President Sisisku Ayuk Tabe: Yes, I would like to convey our heartfelt condolences to all our people who have loss and are continuing to lose loved ones in this senseless war declared on us by Mr. Biya. I want to thank all Ambazonians for remaining steadfast and holding the fort. As Ambazonians, each one of us has a one-way ticket to Buea. We will either get the independence that is rightly ours or we would resist our oppressors forever. The pain or death our oppressors subject us to, are momentary compared to the freedom we are seeking for Ambazonia. None is more difficult to defeat than he/she who is ready to give everything including his/her life for a cause. In our quest to restore our Statehood, we should focus our gaze on the prize ahead. Each and every one should accurately measure his/her words and actions to ensure that we add no unnecessary pain on our people and that they take us one step closer to Buea. In a free Ambazonia, we will build world-class institutions that will make Ambazonia an icon of peace, democracy and stability, not only in the Gulf of Guinea but in Africa.

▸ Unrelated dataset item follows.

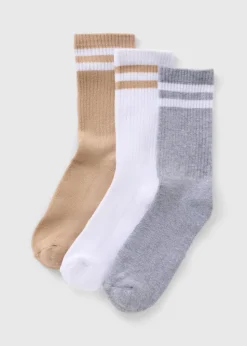 3 Pack Cream Sports Socks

To the international Community, international law and conventions tell us self-determination is a fundamental right. The people of the Southern Cameroons have made their choice for an independent nation. We cannot be denied that right that is given to others freely. Remember the Never Again promise after Rwanda 1993/94 Genocide. Remember the Responsibility to Protect (R2P). With more than 32,500+ killed and the level of other atrocities meted on us, one more death is one too many. Act now to end the Genocide. Deploy a UNSC mandated Fact-Finding Mission to the Southern Cameroons/Ambazonia as a first step to addressing the root-causes of the conflict, which hinges on the botched decolonization process of 1961. Thank you.